Frozen Lake involves a player navigating a grid world with the goal of reaching the goal state (G) from the start state (S) while avoiding holes/obstacles (H) that come along the way. 

The player can move in four directions: up, down, left, and right. 
The player receives a reward of 1 for reaching the goal state and a reward of 0 otherwise.
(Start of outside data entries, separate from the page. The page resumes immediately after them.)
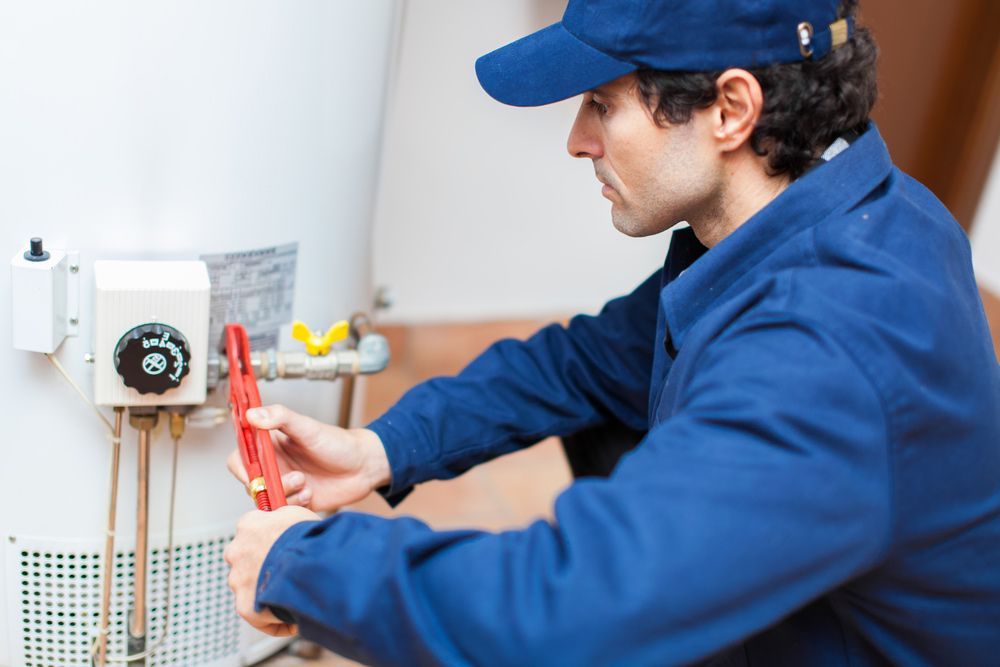 A Professional Emergency Plumber At Work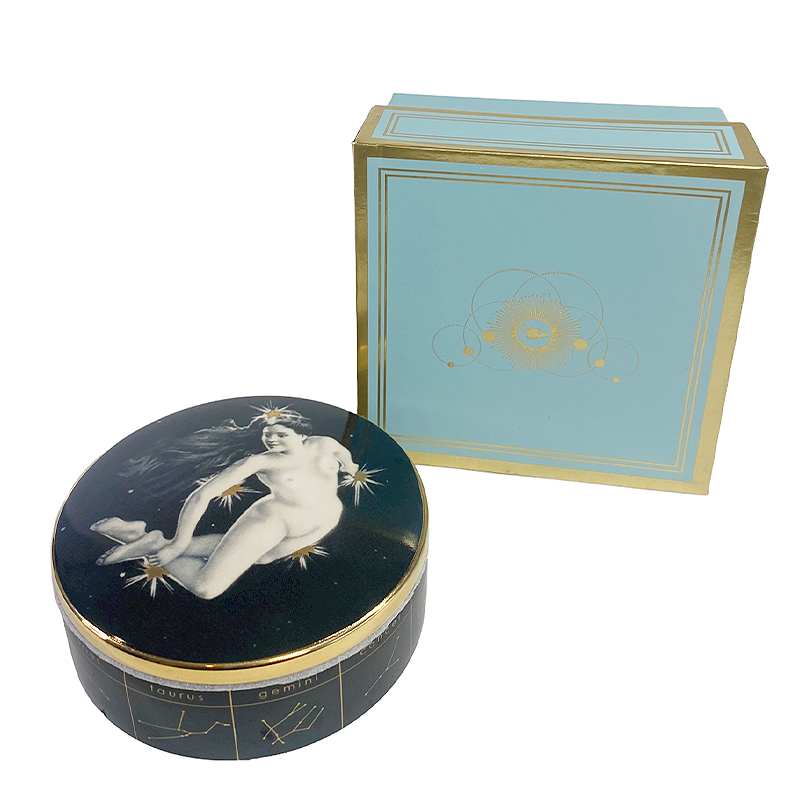 the astrological trinket dish next to a blue and gold box on a white background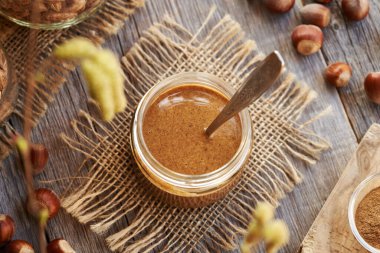 Homemade hazelnut butter in a glass jar with a spoon, top view clipart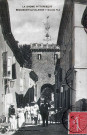 Beaumont-lès-Valence.- Personnages devant la porte fortifiée (XIIIe-XIVe s.) surmontée d'un campanile en fer forgé.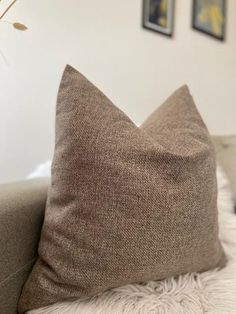 a brown pillow sitting on top of a couch next to a vase with flowers in it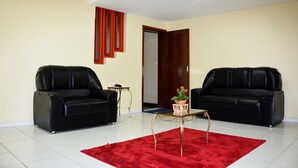 Una habitación con dos sofás de cuero negro, una mesita con una planta y una alfombra roja sobre suelo de baldosas.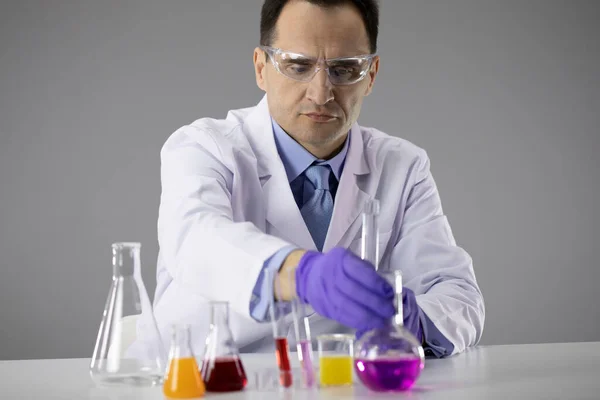 Vegyész kutató kiválasztja lombikok töltött színes kémiai oldatok — Stock Fotó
### Reinforcement Learning

A type of machine learning where an agent learns to make decisions by interacting with an environment. The agent receives rewards for performing actions and aims to maximize the total reward over time.

#### RL Terms

- **Agent** → The decision maker that interacts with the environment
- **Environment** → The space or system the agent operates in and responds to said agent’s actions
- **State** → A representation of the environment’s current situation
- **Action** → Choices the agent can make that affect the environment
- **Reward** → A numerical value received after each action, indicating the desirability of the outcome

#### Frozen Lake Example
- **Agent** → Represents the player who is navigating the grid world
- **Environment** → The 4x4 grid world
- **State** → The player’s current position on the grid (Agent can be in 1 of the 16 positions or "squares" on the 4x4 grid)
- **Action** → The player’s movement/direction in the grid (4 different actions per state -> up, down, left, right)
- **Reward** → 1 for reaching the goal state (present), 0 otherwise

In [83]:
import gymnasium as gym
import matplotlib.pyplot as plt

ModuleNotFoundError: No module named 'matplotlib'

In [80]:
env = gym.make('FrozenLake-v1', is_slippery=True)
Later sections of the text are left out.